Dad Meecham has other ideas, and moves into the sharecropper cottage just down from his ex-home.  Throughout the movie, an ongoing war escalates between old Meecham and young Choat, the one determined to drive away this unworthy interloper, and the other, though violent, rough, and rude, driven by a burning desire to make something of the farm and of himself no matter what obstacles stand in his way.

For the first half of this movie, its arc seemed predictable.  Choat's teenage daughter Pamela longs for a better relationship with a mature man than she has with her abusive father and reaches out to Meecham in a granddaughterly sort of way.  Choat's battered wife also extends a hand of kindness.

Naturally, the two families will come to terms: Meecham will become a surrogate grandfather and teach strong but ignorant Choat how to run the farm that Meecham's own posh son cares nothing about; the Choat family will grow together and go forward into an optimistic future.  Right?
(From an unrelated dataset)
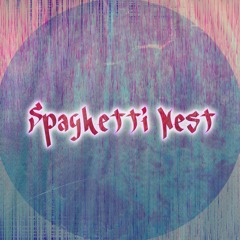 Spaghetti Nest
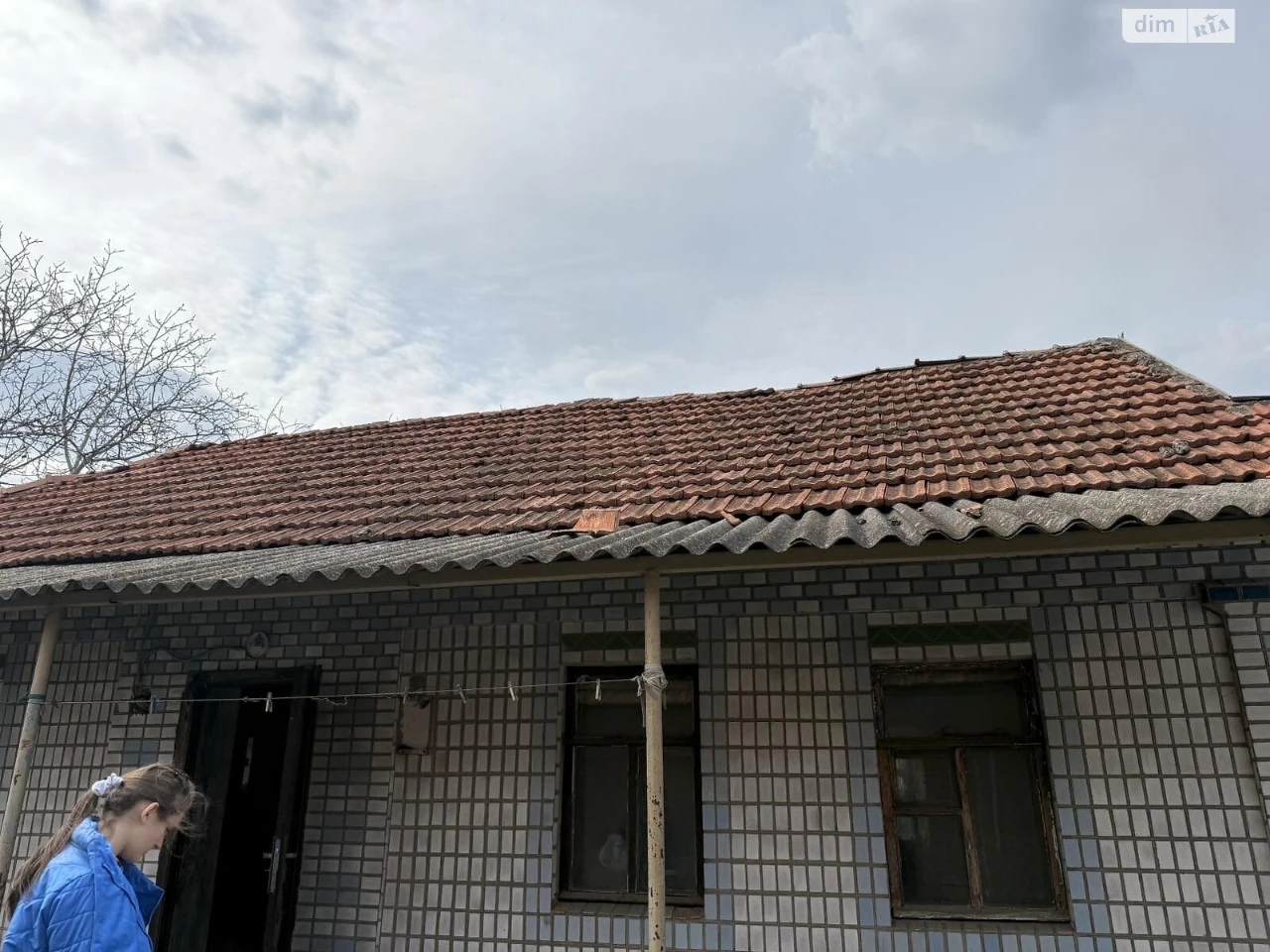 Продаж Дім Терновка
Wrong!  Despite the female peacemaking attempts, none of the male characters will give one single inch.  Meecham's lawyer son won't lift a finger to make things right or try to make amends; Meecham gets Choat arrested for domestic violence and attempts to frame him for murder.  The movie culminates in the ultimate Pyrrhic victory: Meecham gets back his house that he really is far too feeble to live in, the Choats are destroyed, and so is Meecham's relationship with his son.  Every character ends the story far worse off than they began it.

The Lost Charity of Christian Culture

All that was required was someone, anyone, with a little bit of respectability and social authority to intervene and appeal to the men's better natures.  How many Western movies have we seen this role fulfilled by the local parson, or the town's Oldest Citizen?

Sure, Meecham was wronged, but not by Choat.  Yes, Choat had been a ne'er-do-well, but he was trying to better himself; shouldn't this be encouraged?  The plain fact was that they needed each other; they couldn't see it themselves, but nobody bothered to even try to point it out to them except young Pamela, far too late after the battle has escalated beyond control.

Meecham's equally-elderly neighbor seems to be his friend and offers him help - but not the help he needs.  If he truly cared about him, he'd pour oil on troubled waters and not gasoline on troubled flames.  Who is the better friend: the friend who'll fight with you, or who'll try to bring the fight to a swift and safe conclusion?

We all know what will become of the characters after the close.  Meecham will die embittered and alone.  Pamela, who ran away from home, will end up on the streets or at best as a single mother collecting welfare.  Lonzo Choat will probably wind up in prison; failing that, he'll give up and return to his life of welfare leechery, as will his wife.

It didn't have to end this way, and in time past, it wouldn't have.  We've talked before about the importance of mentoring and unofficial social interventions.  These don't have to have a Christian basis necessarily, but in what once was our American Christian culture, the idea of "What would Jesus do?" had at least a little resonance with all but the most depraved.

No more; and in That Evening Sun, we see a society where nobody acknowledges a Higher Power or any need to care about any other people.  It's not a world I want to live in, but it's the world we're fast finding ourselves in.

Whether or not Hollywood meant this movie as a warning or as social commentary, it is both; and it is sobering.